As AV (autonomous vehicle) technology undergoes continuous improvement, the sight of AVs taking to city streets is gradually veering into the realm of probability. Major automobile manufacturers have begun to invest significant resources in AV research. It is estimated that the auto industry globally has invested $80 billion in AV development in the last three years alone, equivalent to the GDP of a mid-sized country.
No wonder that AV technology is quickly approaching maturity, with increasing investment in both hardware and software development. Today, we are on the verge of one of the most disruptive technological breakthroughs in generations.

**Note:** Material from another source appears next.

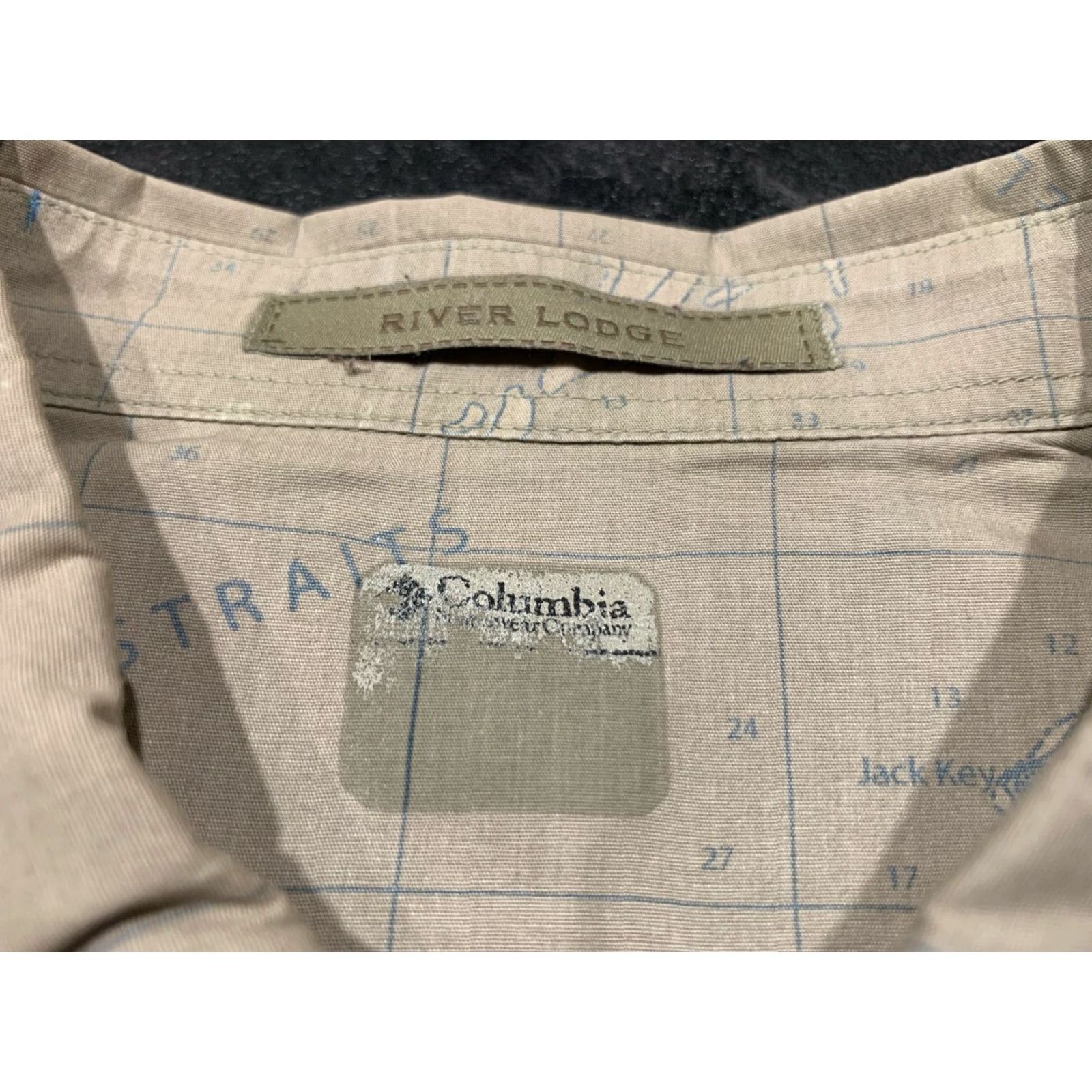 Vintage Columbia River Lodge Shirt Adult Men XL Beige Short Sleeve Button-Down Cotton Classic Outdoor Fish Pattern Size US XL / EU 56 / 4 - 7 Thumbnail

However, the success of AV adoption at scale depends as much on the ability of planners, designers, and policymakers at the Central, state, and city levels as getting the technology right. We can ill afford the consequences of overlooking any of the fundamental bottlenecks in the development of AVs.

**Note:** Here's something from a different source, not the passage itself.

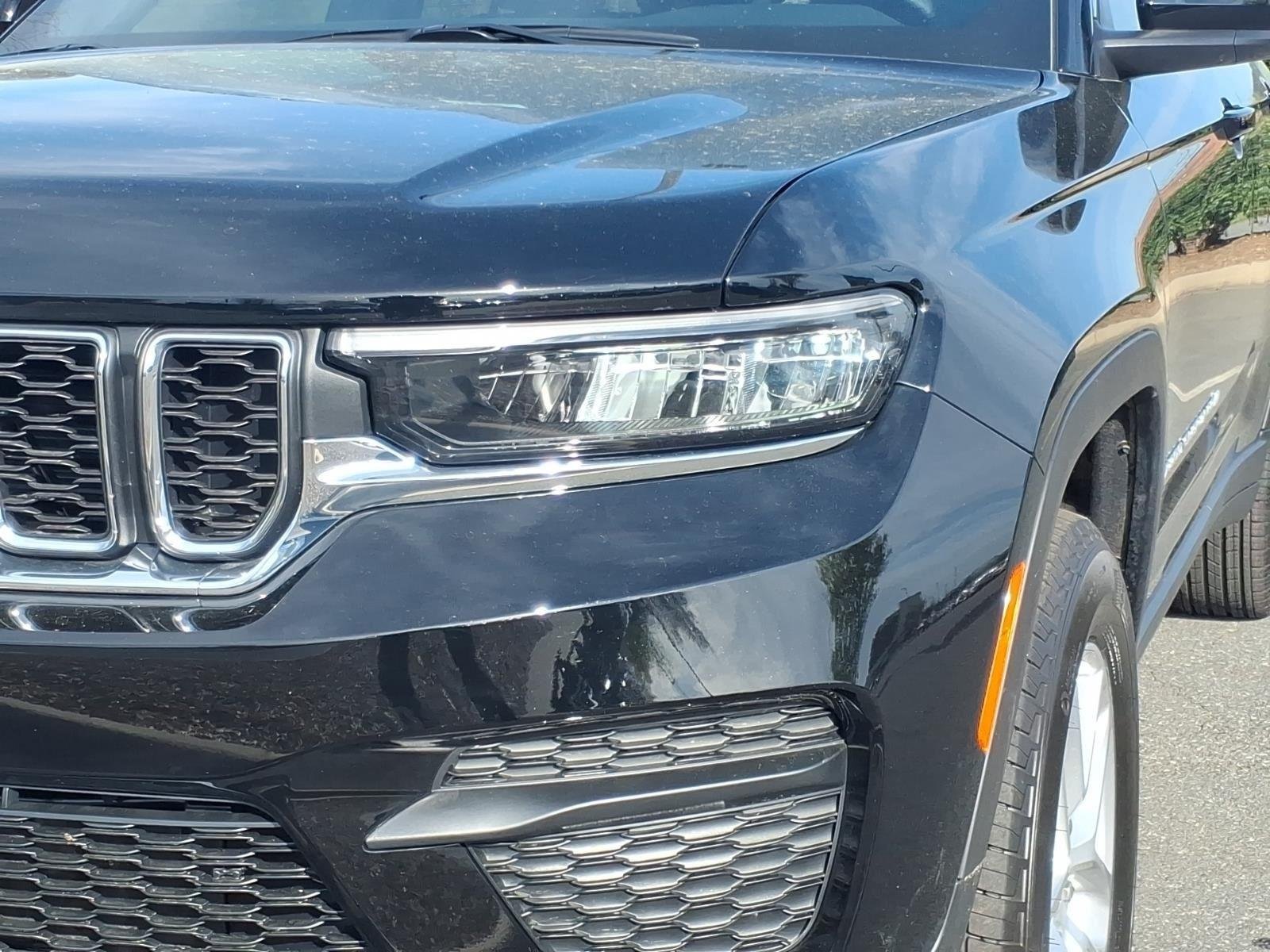 New 2026 Diamond Black Crystal Pearlcoat Jeep Laredo image 12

Challenges in the way of vehicle autonomy
One of the major challenge lies in ensuring that consumers adopt autonomous vehicles for the long term.
Safety: For widespread autonomous vehicle adoption to become a reality, vehicle security is of paramount importance. Consumers want to be sure that as they’re sitting in the backseat working on their laptop, the vehicle will continue to coast down the highway safe and sound while their personal data remains private.

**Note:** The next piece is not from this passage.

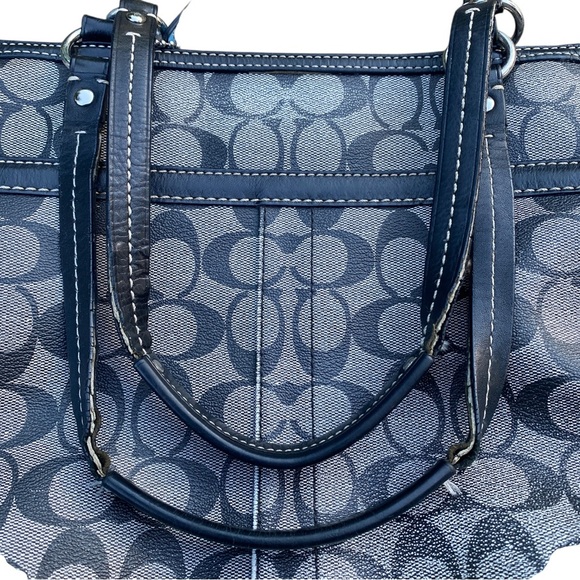 Coach chelsea Black and Gray Signature Tote - Picture 6 of 11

Part of the burden for autonomous vehicle developers is that there is virtually zero room for error. Millions of people die in road accidents each year in the world, but a single fatal crash involving a self-driven car on autopilot can all but eclipse them all. Nevertheless, the fact remains that if the automotive industry is going to make the adoption of AVs a reality, it will need to allay the safety fears of consumers.
Safety is the responsibility of automobile manufacturers, and they understand that there is a tremendous amount at stake. After investing billions of dollars, developers have already achieved a substantial amount of the technological breakthroughs needed to make AVs run, but what remains is finishing the crucial, final milestones left to assure rider and vehicle safety.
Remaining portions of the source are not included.